> [Assignment]
Print every entry below exactly, leaving out the pictures.

Short web captions

§

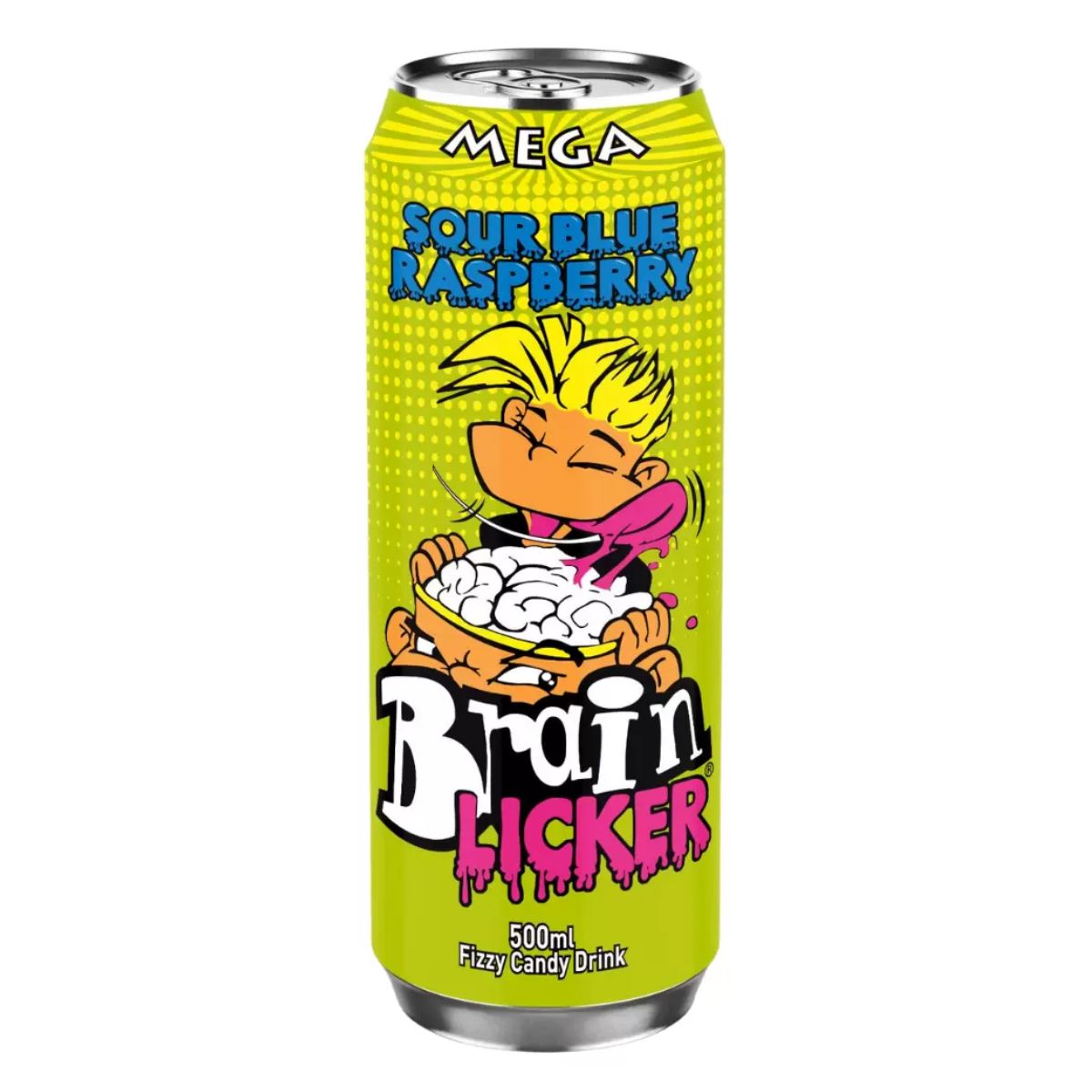 A can of Brain Licker - Sour Blue Raspberry Fizzy Drink - 500ml with a cartoon character on it.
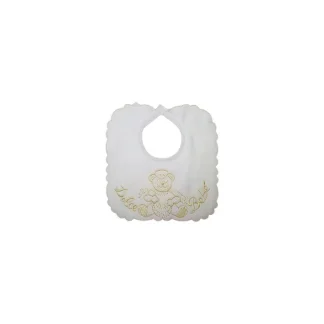 Nancy Baby Bavetta Quadrata Con Ricamo Colore Bianco-Giallo 1 Pezzo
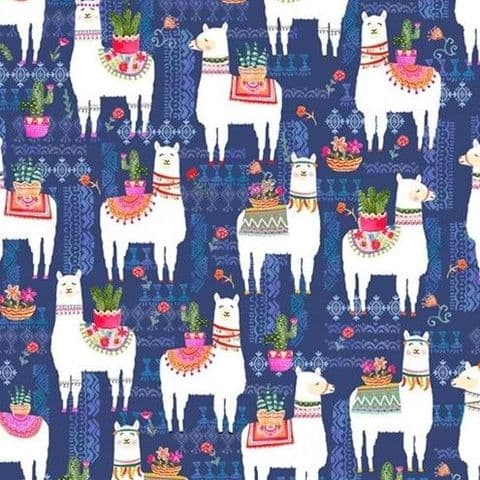 La Llama Navy - La Vida Loca - Michael Miller Fabrics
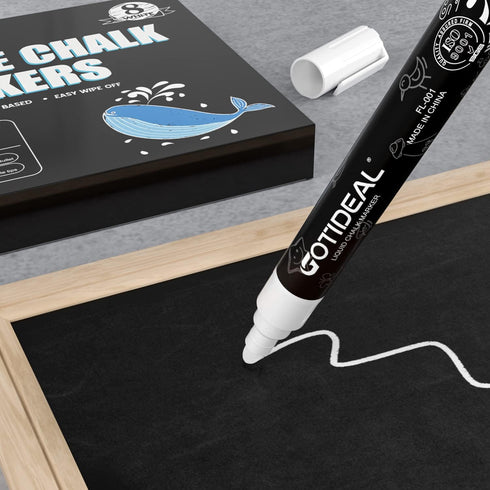 GOTIDEAL White Chalk Markers, Bold Tip Washable Chalkboard Markers, Car Window Markers,for Blackboard, Glass & Bistro, Non-Toxic, Erasable Paint C...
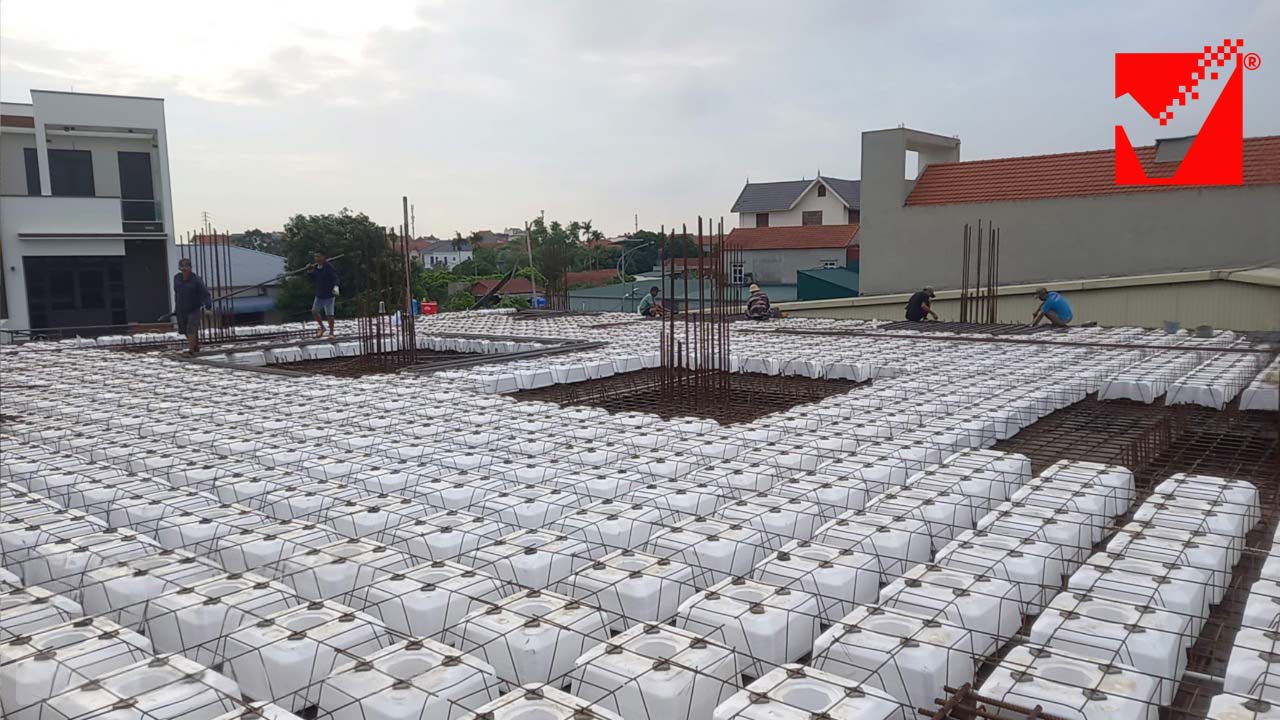 Sàn phẳng vượt nhịp nhà xưởng Anh Viết - Hưng Yên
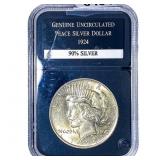1924 Silver Peace Dollar  GENUNC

§

> [Answer to this task]
 A can of Brain Licker - Sour Blue Raspberry Fizzy Drink - 500ml with a cartoon character on it.
 Nancy Baby Bavetta Quadrata Con Ricamo Colore Bianco-Giallo 1 Pezzo
 La Llama Navy - La Vida Loca - Michael Miller Fabrics
 GOTIDEAL White Chalk Markers, Bold Tip Washable Chalkboard Markers, Car Window Markers,for Blackboard, Glass & Bistro, Non-Toxic, Erasable Paint C...
 Sàn phẳng vượt nhịp nhà xưởng Anh Viết - Hưng Yên
1924 Silver Peace Dollar  GENUNC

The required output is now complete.